Short Text Language Detection with Infinity-Gram

May 17, 2012August 15, 2012 ~ shuyo

I talked about language detection (language identification) for twitter at NAIST(NARA Institute of Science and Technology).
This is its slide.

Tweets are too short to detect their languages precisely. I guess that one reason is because features extracted from a short text are not enough to detect.
Another reason is because tweets have some unique representations, for example, u as you, 4 as for, LOL, F4F, various face marks and so on.

I developed ldig, a prototype of short text language detection, that solved those problems.
ldig can detect langages of tweets with over 99% accuracy for 19 languages.

https://github.com/shuyo/ldig

The above slide explains how ldig solves those problems.

Published by shuyo

View all posts by shuyo

27 thoughts on “Short Text Language Detection with Infinity-Gram”

Jordan Dimov says:

May 28, 2012 at 7:26 pm

Great work.

Just one minor issue. I cloned your git repository and ran the server.py, but it didn’t work for me out of the box. When I load the page, I see the textbox, but no results. On closer inspection, the AJAX calls go through, but the server gives out the following error: “TypeError: 1013 is not JSON serializable” (I’m using Python2.7).

Turns out this is because that particular instance of the number 1013 is of type numpy.int32, which the standard JSON encoder in Python2.7 can not serialize. The solution is to have a custom encoder like this:

class CustomJSONEncoder(json.JSONEncoder):
def default(self, obj):
if isinstance(obj, numpy.int32):
return int(obj)
return json.JSONEncoder.default(self, obj)

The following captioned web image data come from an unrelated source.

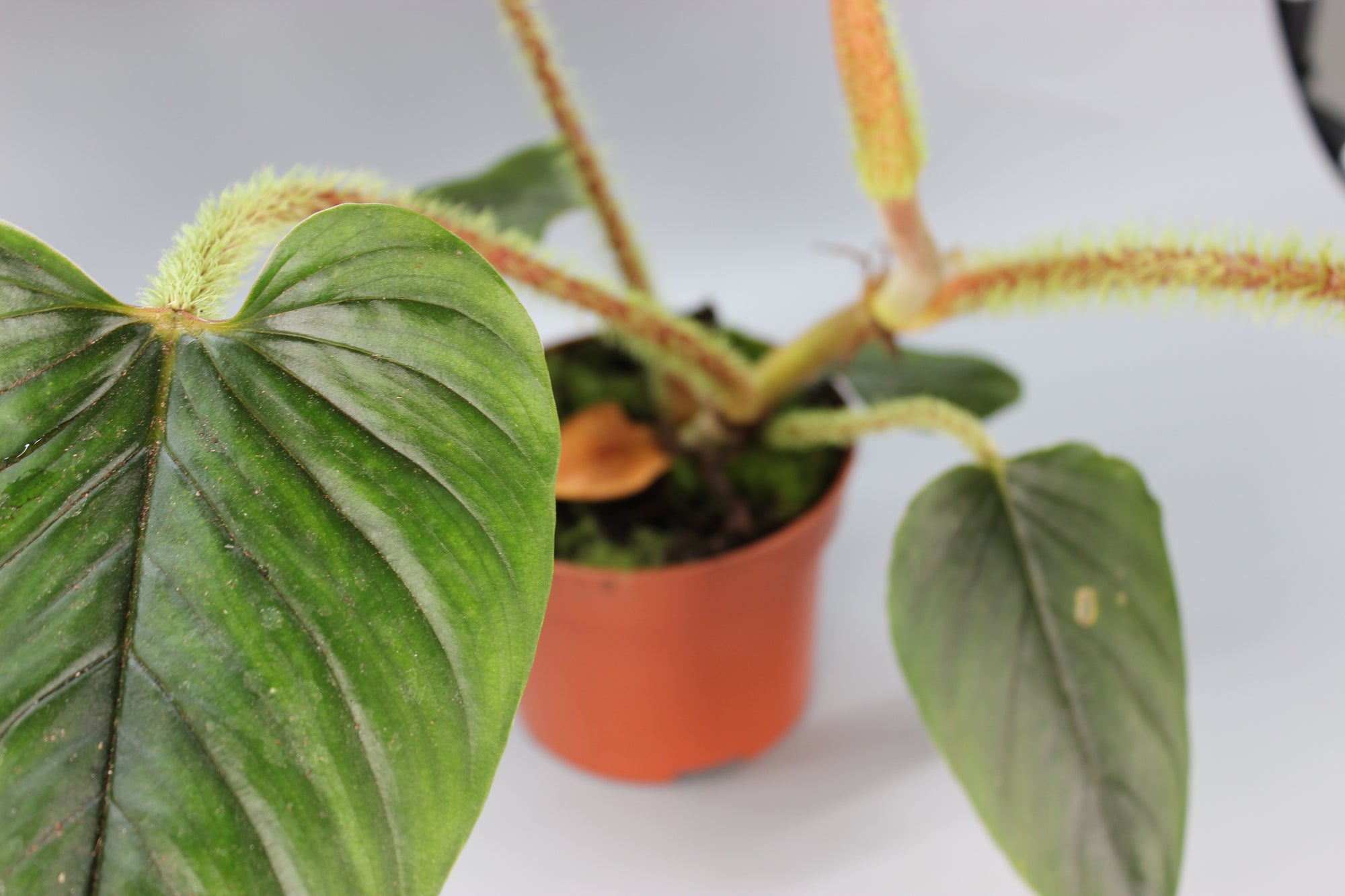 Philodendron Serpens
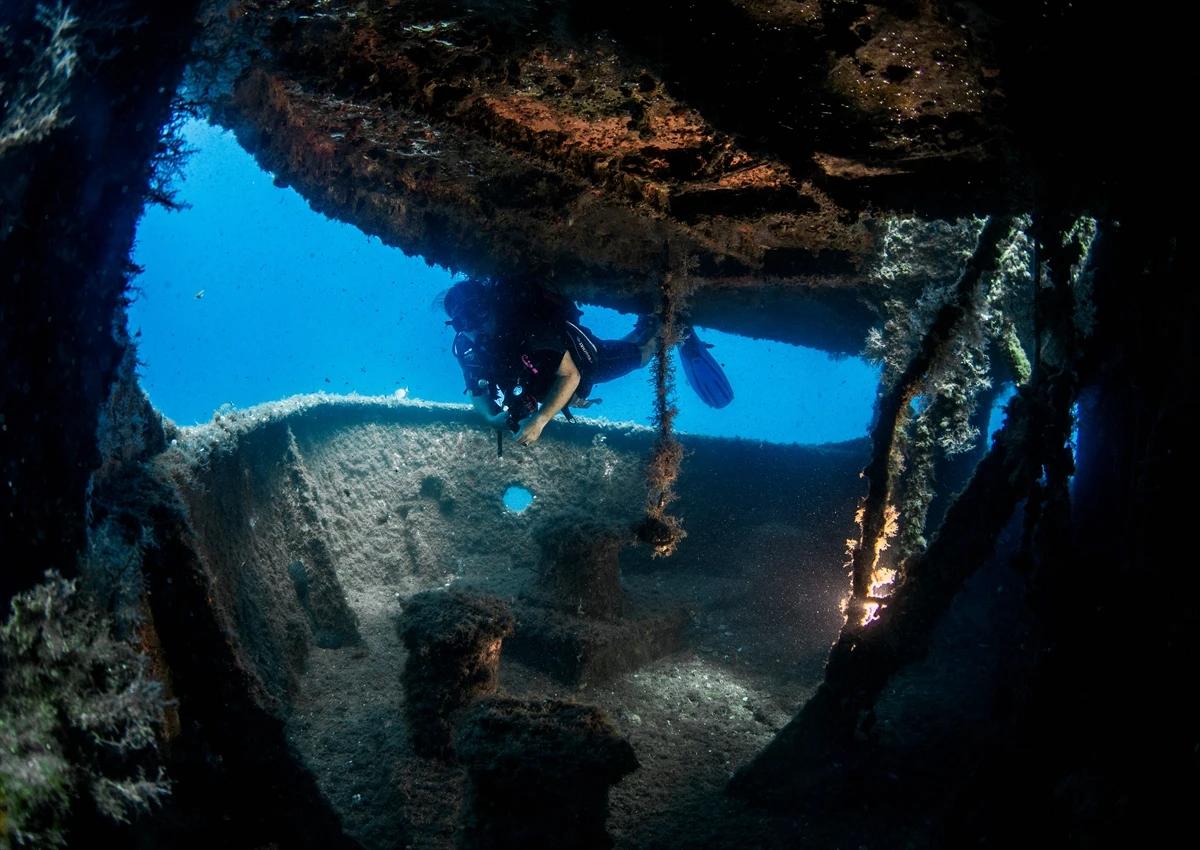 Çeşme su altı güzellikleriyle her seviye dalgıca hitap ediyor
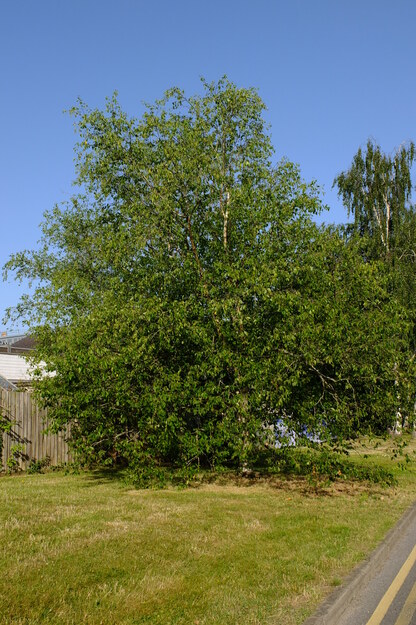 June tree photo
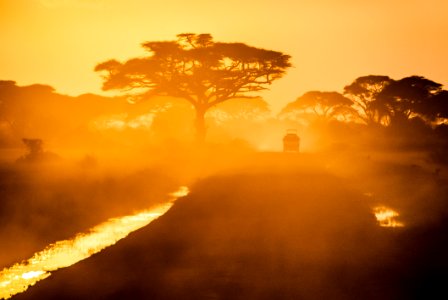 Roads Of Africa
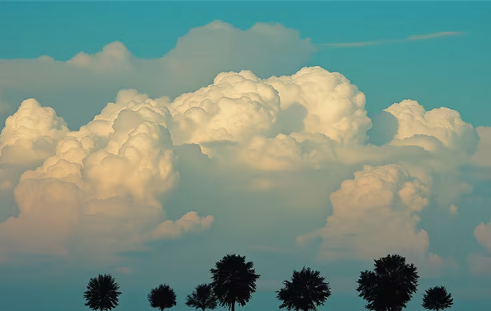 ScreenShot_2025-12-31_100540_190.png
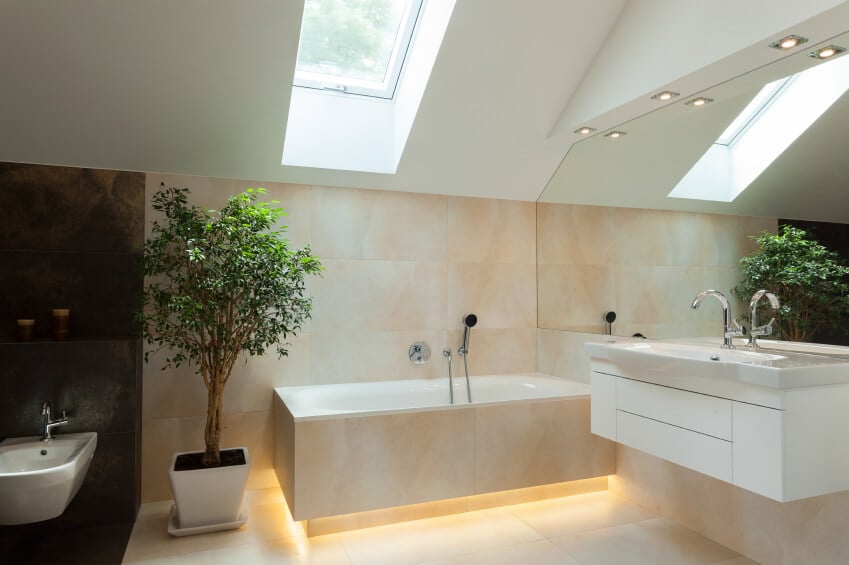 一个凉爽、现代的浴室，有一个较暗的部分。在这两部分之间是一棵枝繁叶茂的大树。浴缸边缘下的照明是一个很好的细节。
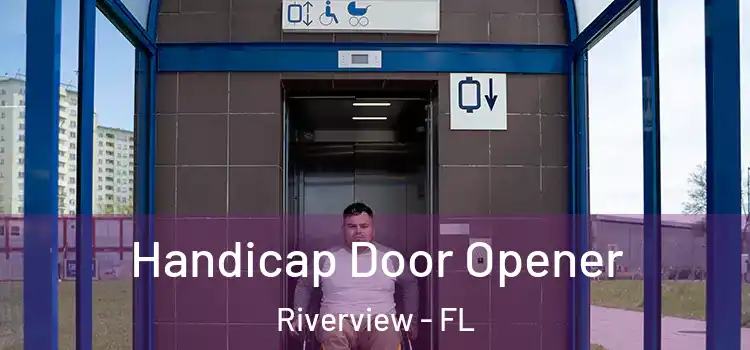  Handicap Door Opener Riverview - FL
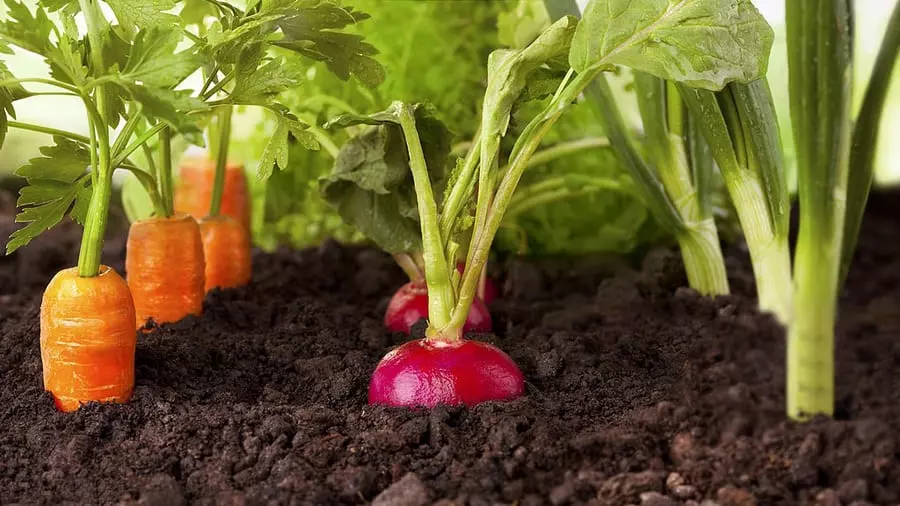 MumararunguDia1's tweet photo. #Agriculture creates life, gives life https://t.co/1QOmnVYlRm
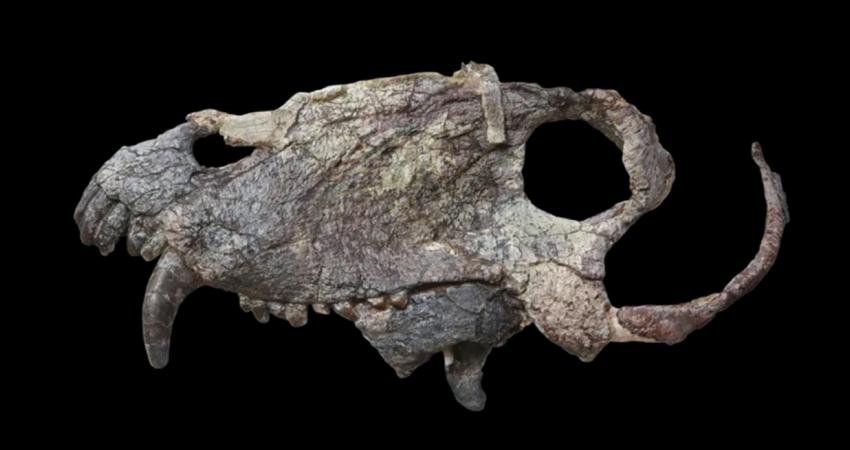 Daha dinozorlar yokken, bu dev yırtıcılar dünyaya hükmediyordu: Yeni bir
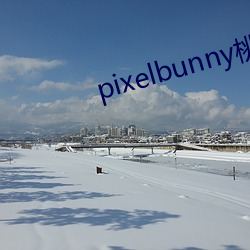 pixelbunny桃子移植 （逼上梁山）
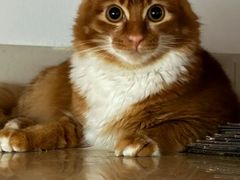 -御宝贝·A梦猫科宠物医院(国际猫友好医院)
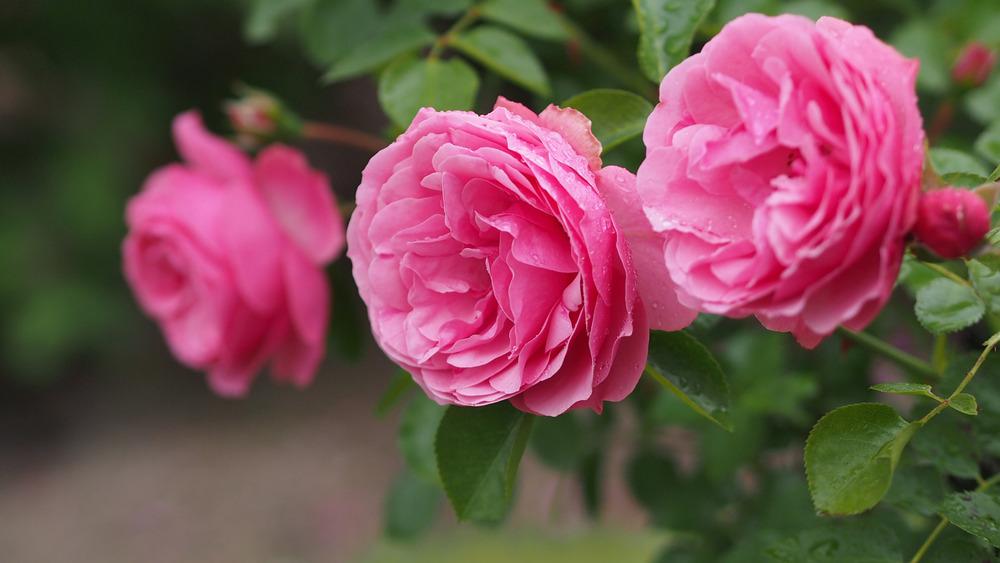 Photo of Rose (Rosa 'Leonardo da Vinci') uploaded by admin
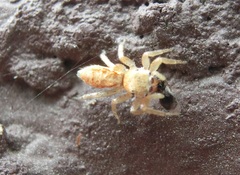 Cosmophasis lami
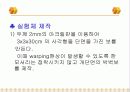 보의 비틀림 10페이지
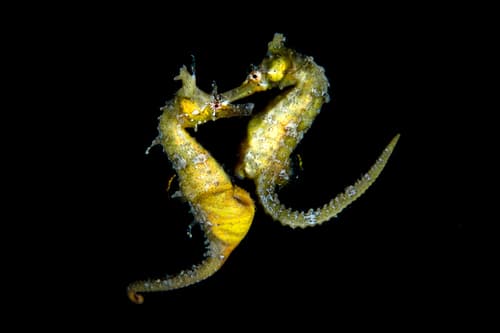 Korean Seahorse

Then the call to json.dump should look like this:

json.dump(detector.detect(text), self.wfile, cls=CustomJSONEncoder)

And that fixes it.

Reply
1. shuyo says:
  
  May 29, 2012 at 12:43 pm
  
  Very thanks!
  Although I am using Python 2.7.2, your trouble has never reproduced in my environment…
  The current version of json may support numpy.int32 (I don’t confirm it yet)
  
  Reply
  1. shuyo says:
    
    May 29, 2012 at 4:27 pm
    
    Mmm, I tried some checkes.
    – The json module in Python 2.7.2 doesn’t support numpy object too.
    – The server.py of ldig doesn’t put numpy objects into json.dump (all numerics convert into formatted string)
    Then I guess your trouble cannot happen. Did you modify the code somewhere?
dbv says:

June 23, 2012 at 3:13 am

Shuyo: Are there plans to support the CJK languages. Also, any plans for Python 3?

Reply
1. shuyo says:
  
  June 25, 2012 at 12:56 pm
  
  Thanks.
  Hence CJK detection is not as difficult as Latin-alphabet languages and I am not using Python 3, I don’t have the both plans you mentioned at present.
  
  Reply
Randy says:

June 28, 2012 at 12:11 am

Thanks for the great work Shuyo! I’m relatively new to Python and i’m trying to use this library for a school project. I’m having a little trouble figuring out how to run this against a tweet string using the predefined training dictionaries. Does anyone know of any examples of this posted

Reply
1. shuyo says:
  
  June 28, 2012 at 4:30 pm
  
  Prepare test data each line in which is formatted like the below.
  
  [language name]\t
  
  The language names are like en, fr or de (all available language labels are written at “Supported languages” in https://github.com/shuyo/ldig ) and ‘\t’ means TAB(\x09).
  
  Then exec ldig.py like the below.
  
  ldig.py -m [model directory] [test data path]
  I hope it work well.
  
  Reply
  1. Randy says:
    
    June 28, 2012 at 9:26 pm
    
    Thanks!
Greg says:

July 4, 2012 at 4:42 pm

Dear Shuyo,

your work on language detection is really impressive!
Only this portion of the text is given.